David Herman – Une exposition pour réinventer le sacré.
>>« The Earthly Paradise – Aux sources du monde d’après » jusqu’au 10 août
David Herman s’appuie sur son expérience transversale des univers de la mode, des arts décoratifs, et puis de la musique et du cinéma. Directeur créatif & curateur d’expériences narratives « totales », il propose une exposition immersive et vivante au metaxu durant tout l’été.
Quel est le point de départ de votre recherche sur le paradis terrestre?
Tout est parti d’un poème épique de William Morris, plus connu pour sa vision pionnière des arts décoratifs avec le mouvement Arts & Crafts. Dans ce récit, il invite le lecteur à un voyage initiatique aux confins des mythologies grecques et légendes nordiques. Dans le contexte du XIXe siècle surindustrialisé, le recours nostalgique à ces imaginaires anciens constituait le moyen de se relier à « l’Idéal arcadien des origines », le « Paradis Perdu » au sein duquel l’homme vivait en harmonie avec la Nature, sa beauté, ses rythmes. La pénurie croissante d’une ressource aussi vitale que l’eau ravive le rapport « sacré » aux éléments naturels et à toute la symbolique cosmogonique qui y est liée : l’eau incarne tout autant l’idée de source de vie que du déluge chaotique précédant un monde « nouveau ».
Le récit est exclusivement composé de sorcières, déesses, néréides. Comment l’exposition conjugue les notions de sacré et de féminin ?
Sous l’ère païenne, les croyances étaient polythéistes et panthéistes. N’importe quel aspect de la vie était associé à un dieu ou une déesse. Il y avait une conscience de l’impact de nos actes par rapport à un « tout » considéré comme « universel ». Je me suis replongé dans les écrits de Mircea Eliade décrivant la manière selon laquelle ce lien a été rompu depuis le développement du monothéisme (qui sépara les espaces « sacrés » et « profanes »), puis de la science et du monde moderne.

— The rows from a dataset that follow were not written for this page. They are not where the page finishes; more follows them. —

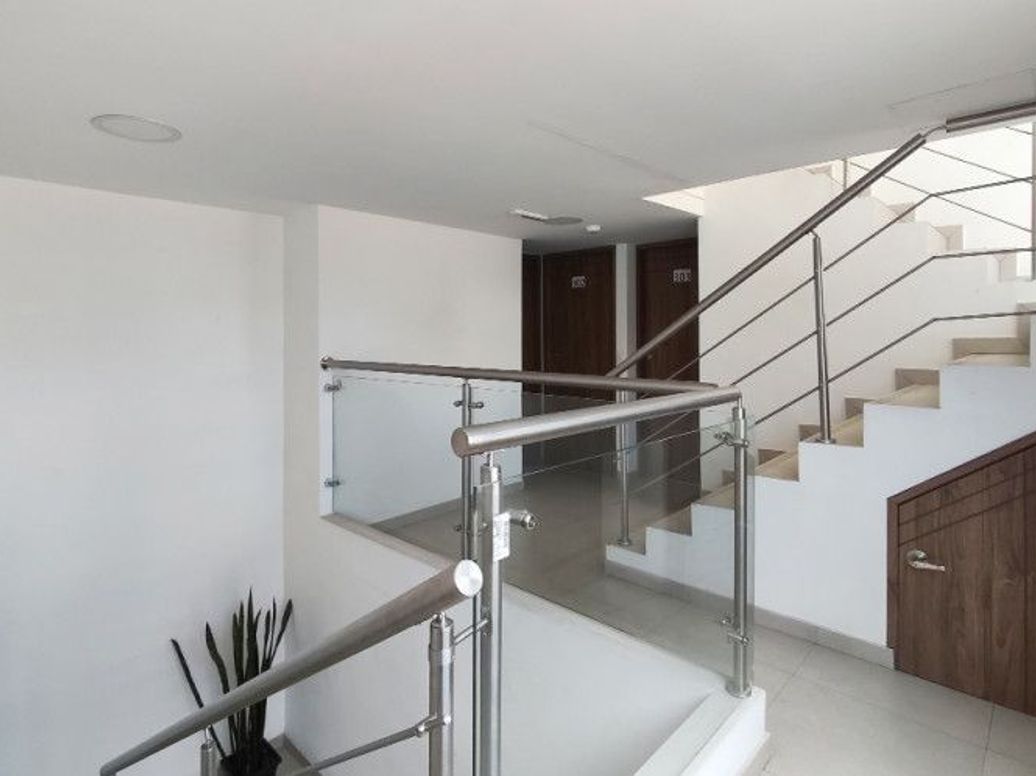 Apartamento de 3 alcobas en venta en Concepción Norte, Bogotá, 121 m² · foto 2 de 20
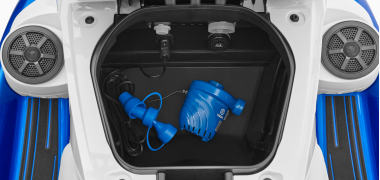 VX Limited_Tube Inflator.png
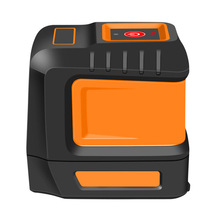 �t�⾀�˾��xˮƽ�x2020��t�G���҃ȸ߾��ȶ���ʮ��Ͷ���xT03/04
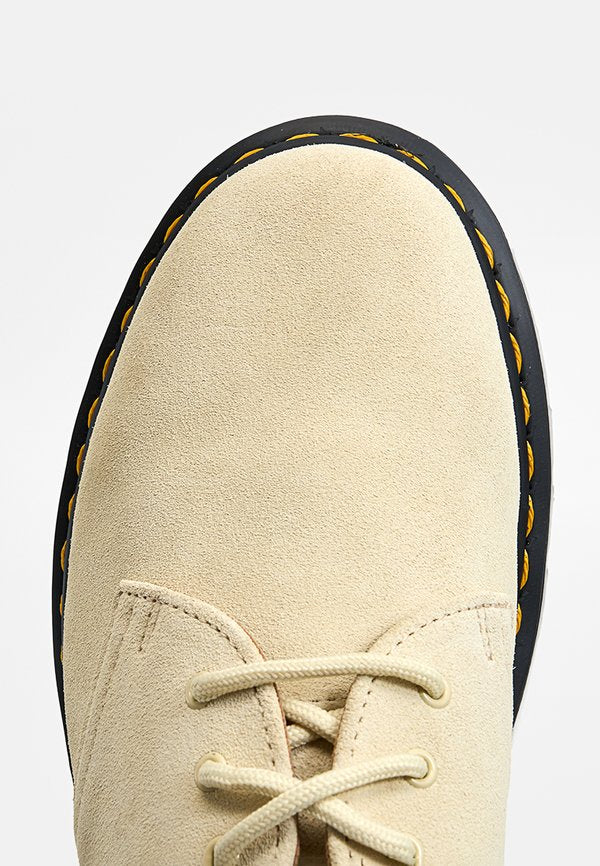 Dr. Martens 1461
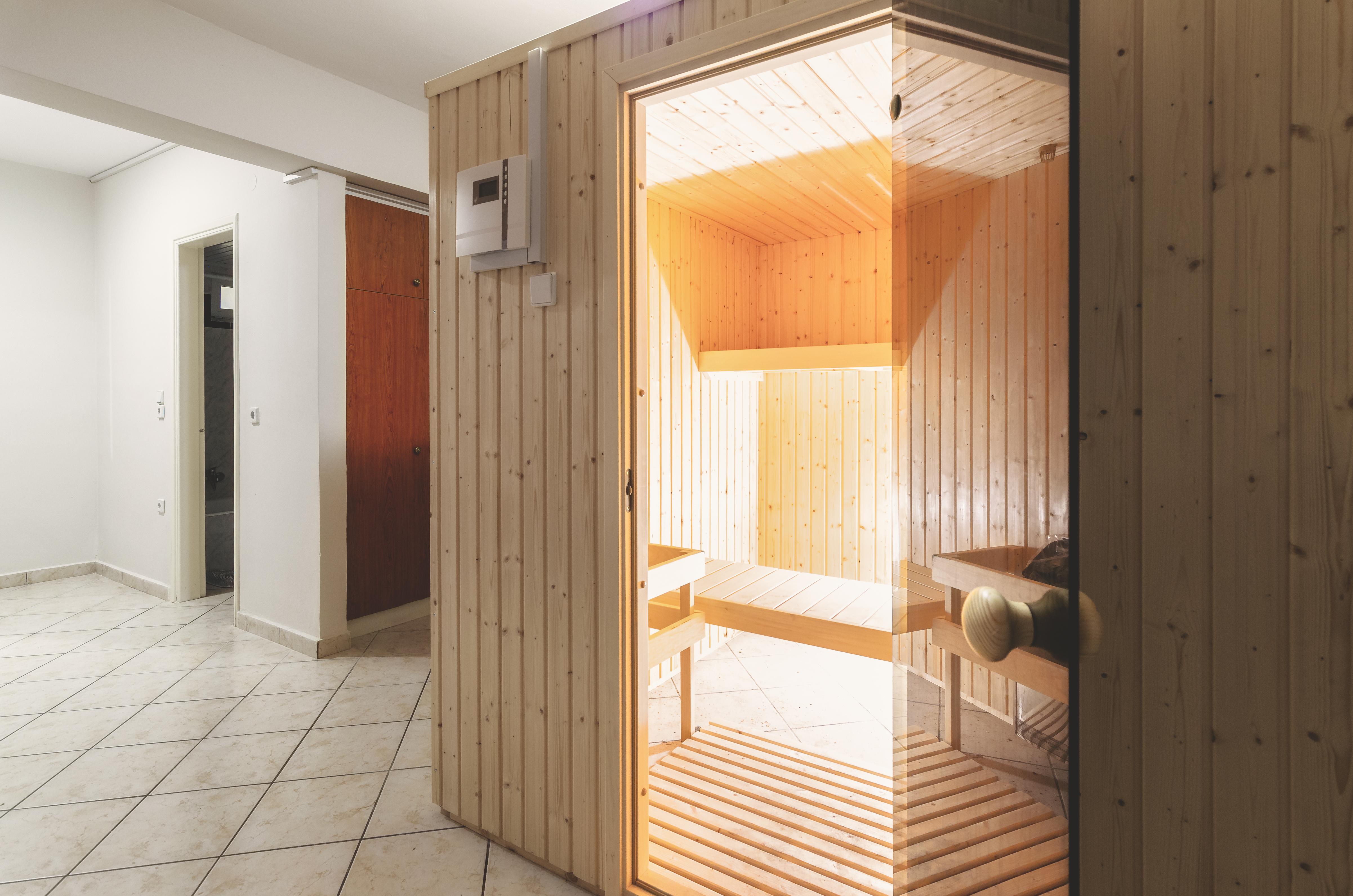 Hotel Karras 4*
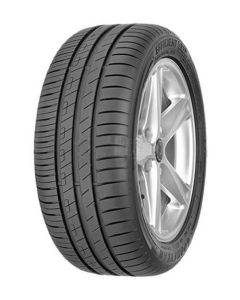 GOODYEAR Letnja guma 205/55R16 EFFIGRIP PERF 91V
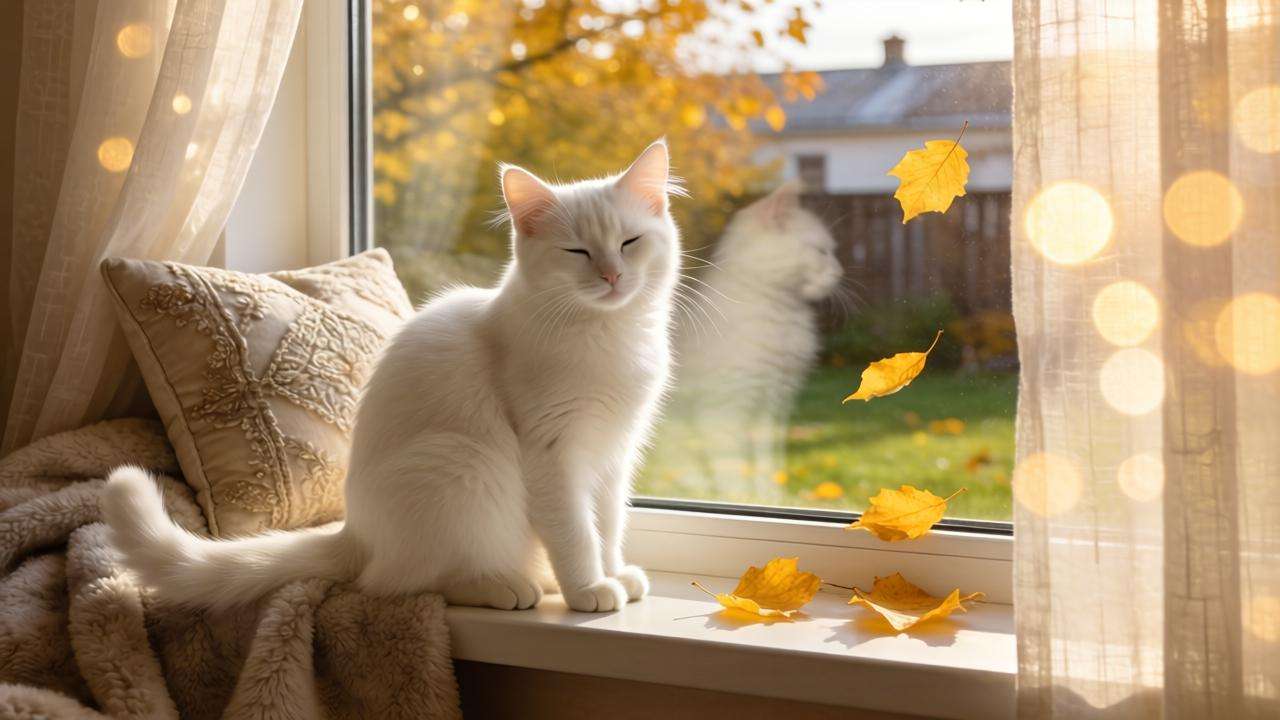 科技治霾新路径：源清单与环保挑战解析(图2)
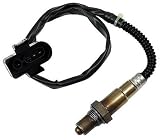 Bosch 16287 Oxygen Sensor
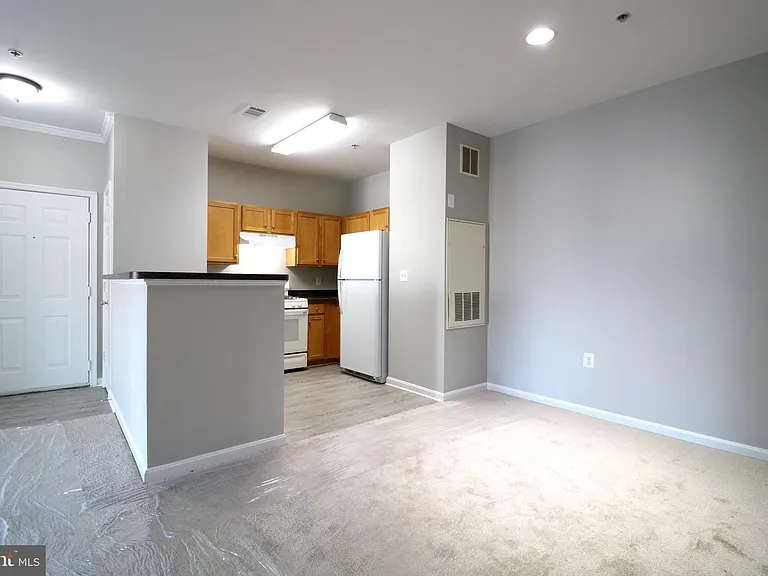 5117 E Travis Edward Way #5117E — Photo 5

The Earthly Paradise repose la question de ce rapport « sacré », une relation plus profonde à ce qui nous entoure et préserve notre existence. J’ai volontairement travaillé avec trois femmes artistes pour la symbolique féminine de cette exposition. Les ambiances minérales-brutes des sculptures d’Audrey Guimard, archaïques, poétiques et sensuelles des collages muraux de Lia Rochas-Pàris et puis le côté plus mystique de Clara de Gobert font corps avec cette narration reliant l’ancien à aujourd’hui.
Mettant en scène une chambre d’hôtel, vous positionnez cette exposition entre art et arts décoratifs. Qu’est ce qui divise ces domaines et les lient ici ?
Sous Louis XIV, les académies royales ont séparé les arts majeurs des arts appliqués. On a séparé le beau de l’utile, l’art de la vie. Au cours de notre siècle, il y a un effondrement de ces frontières, une recherche d’authenticité qui s’exprime notamment dans le recours à l’artisanat. Mais cela ne suffit pas. Dans notre époque désorientée, il devient crucial de proposer des expériences génératrices de sens. En m’appuyant sur la démarche « vivante » du metaxu dans sa capacité à concilier l’art et le son, j’ai pu pleinement développer une expérience sensorielle « totale » à la manière d’un « opéra ». C’est le cas du Lit-Temple, l’installation sonore monumentale de Clara de Gobert, avec les compositions du musicien Benoît Bottex, sur laquelle le public peut venir s’allonger et ressentir métaphoriquement les vibrations telluriques d’un volcan en éveil. L’ambition d’une telle narration appliquée à un intérieur participe d’une approche se voulant aussi transformatrice culturellement que vivre l’expérience d’un film, d’un livre ou d’une œuvre théâtrale.